Stored data entries:
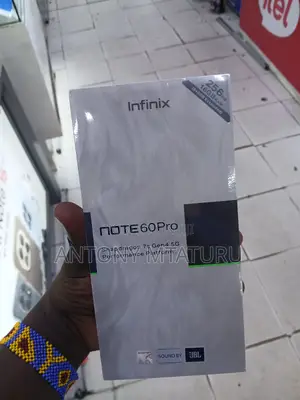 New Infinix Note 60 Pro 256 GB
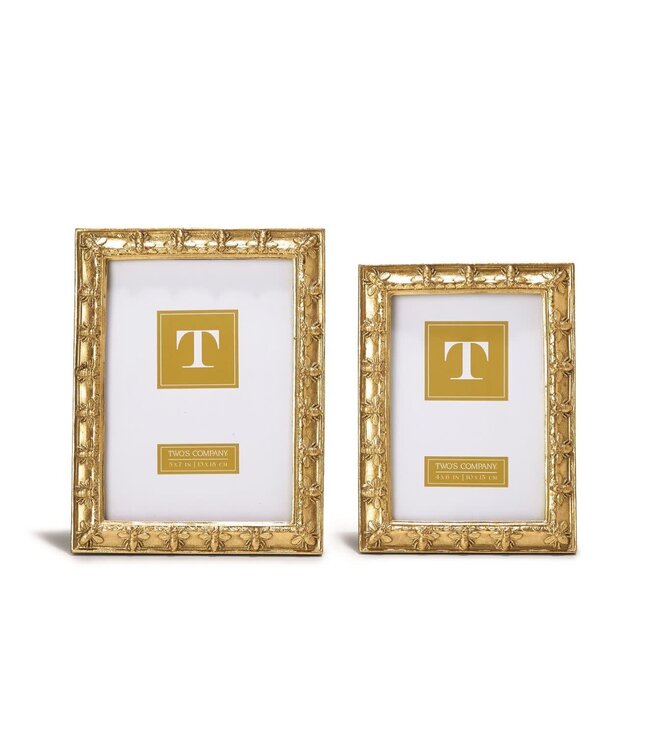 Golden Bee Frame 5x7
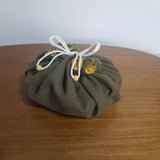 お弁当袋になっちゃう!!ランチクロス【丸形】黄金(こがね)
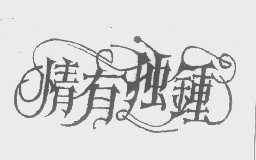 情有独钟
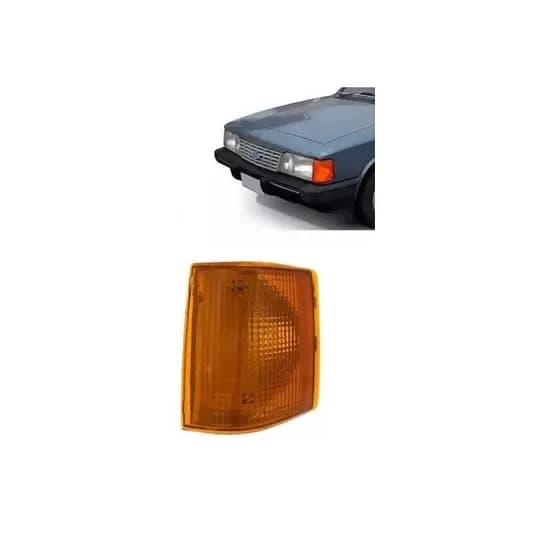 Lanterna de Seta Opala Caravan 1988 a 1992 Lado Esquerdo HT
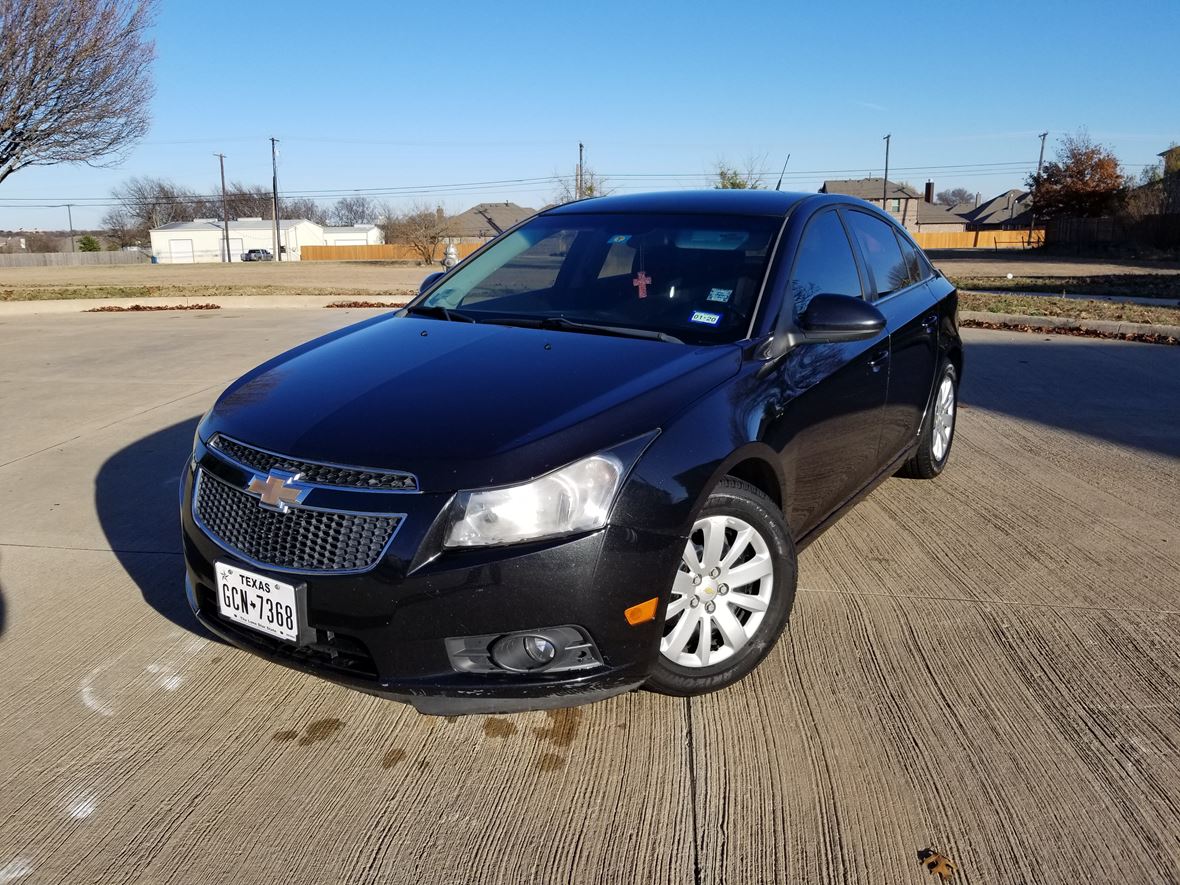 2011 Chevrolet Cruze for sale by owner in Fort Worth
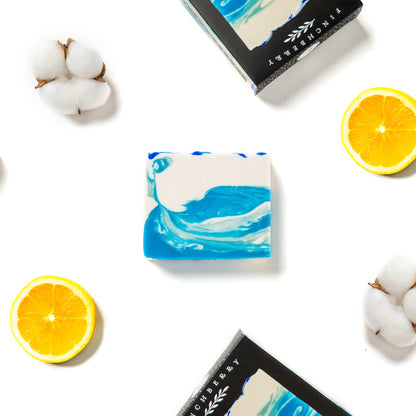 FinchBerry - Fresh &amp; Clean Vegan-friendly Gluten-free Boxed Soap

## Assigned task
The answer should consist only of the lines from the line with "2011 Chevrolet Cruze" through the last line of the data, repeated exactly; pictures stay out.

## Answer space
 2011 Chevrolet Cruze for sale by owner in Fort Worth
 FinchBerry - Fresh &amp; Clean Vegan-friendly Gluten-free Boxed Soap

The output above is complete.